To clarify my views on “will misaligned AIs that succeed in seizing all power have a reasonable chance of keeping (most/many) humans alive”:
I think this isn’t very decision relevant and is not that important. I think AI takeover kills the majority of humans in expectation due to both the takeover itself and killing humans after (as as side effect of industrial expansion, eating the biosphere, etc.) and there is a substantial chance of literal every-single-human-is-dead extinction conditional on AI takeover (30%?). Regardless it destroys most of the potential value of the long run future and I care mostly about this.
So at least for me it isn’t true that “this is really the key hope held by the world’s reassuring voices”. When I discuss how I think about AI risk, this mostly doesn’t come up and when it does I might say something like “AI takeover would probably kill most people and seems extremely bad overall”. Have you ever seen someone prominent pushing a case for “optimism” on the basis of causal trade with aliens / acaual trade?
The reason why I brought up this topic is because I think it’s bad to make incorrect or weak arguments:
I think smart people will (correctly) notice these arguments seem motivated or weak and then on the basis of this epistemic spot check dismiss the rest.
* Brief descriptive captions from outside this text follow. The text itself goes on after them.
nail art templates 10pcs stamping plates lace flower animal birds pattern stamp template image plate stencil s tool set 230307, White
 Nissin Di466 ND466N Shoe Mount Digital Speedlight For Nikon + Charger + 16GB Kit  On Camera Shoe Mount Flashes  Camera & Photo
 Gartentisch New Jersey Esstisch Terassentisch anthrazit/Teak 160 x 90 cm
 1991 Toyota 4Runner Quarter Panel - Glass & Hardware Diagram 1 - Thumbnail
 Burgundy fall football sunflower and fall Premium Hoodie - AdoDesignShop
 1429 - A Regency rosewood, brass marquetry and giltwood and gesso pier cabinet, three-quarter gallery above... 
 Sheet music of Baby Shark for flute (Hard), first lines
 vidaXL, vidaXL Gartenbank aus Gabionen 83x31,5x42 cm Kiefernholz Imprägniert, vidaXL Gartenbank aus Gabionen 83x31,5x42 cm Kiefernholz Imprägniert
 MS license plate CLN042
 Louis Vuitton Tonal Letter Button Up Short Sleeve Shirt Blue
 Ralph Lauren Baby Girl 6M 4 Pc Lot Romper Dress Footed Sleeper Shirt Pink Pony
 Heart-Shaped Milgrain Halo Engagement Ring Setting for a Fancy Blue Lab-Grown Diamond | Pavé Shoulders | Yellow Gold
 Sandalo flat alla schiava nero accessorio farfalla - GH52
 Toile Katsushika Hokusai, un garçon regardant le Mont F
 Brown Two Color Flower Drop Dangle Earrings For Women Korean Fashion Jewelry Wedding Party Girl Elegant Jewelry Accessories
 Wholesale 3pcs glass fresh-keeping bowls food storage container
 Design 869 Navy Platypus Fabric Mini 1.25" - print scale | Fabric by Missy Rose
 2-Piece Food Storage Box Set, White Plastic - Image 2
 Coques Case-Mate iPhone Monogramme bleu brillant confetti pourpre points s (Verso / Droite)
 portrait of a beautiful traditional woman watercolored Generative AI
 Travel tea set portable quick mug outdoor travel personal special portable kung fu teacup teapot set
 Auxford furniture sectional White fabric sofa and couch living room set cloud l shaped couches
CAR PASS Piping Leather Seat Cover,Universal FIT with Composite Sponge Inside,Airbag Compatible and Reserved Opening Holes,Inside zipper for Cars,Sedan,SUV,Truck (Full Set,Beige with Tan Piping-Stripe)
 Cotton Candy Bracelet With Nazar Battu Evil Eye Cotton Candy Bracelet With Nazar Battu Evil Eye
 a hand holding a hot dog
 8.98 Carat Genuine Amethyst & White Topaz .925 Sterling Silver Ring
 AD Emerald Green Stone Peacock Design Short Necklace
In argumentation, avoiding overclaiming has a lot of rhetorical benefits. I was using “but will the AI actually kill everyone” as an example of this. I think the other main case is “before superintelligence, will we be able to get a bunch of help with alignment work?” but there are other examples.
Worse, bad arguments/content result in negative polarization of somewhat higher context people who might otherwise have been somewhat sympathetic or at least indifferent. This is especially costly from the perspective of getting AI company employees to care. I get that you don’t care (much) about AI company employees because you think that radical change is required for their to be any hope, but I think marginal increases in caring among AI company employees substantially reduce risk (though aren’t close to sufficient for the situation being at all reasonable/safe).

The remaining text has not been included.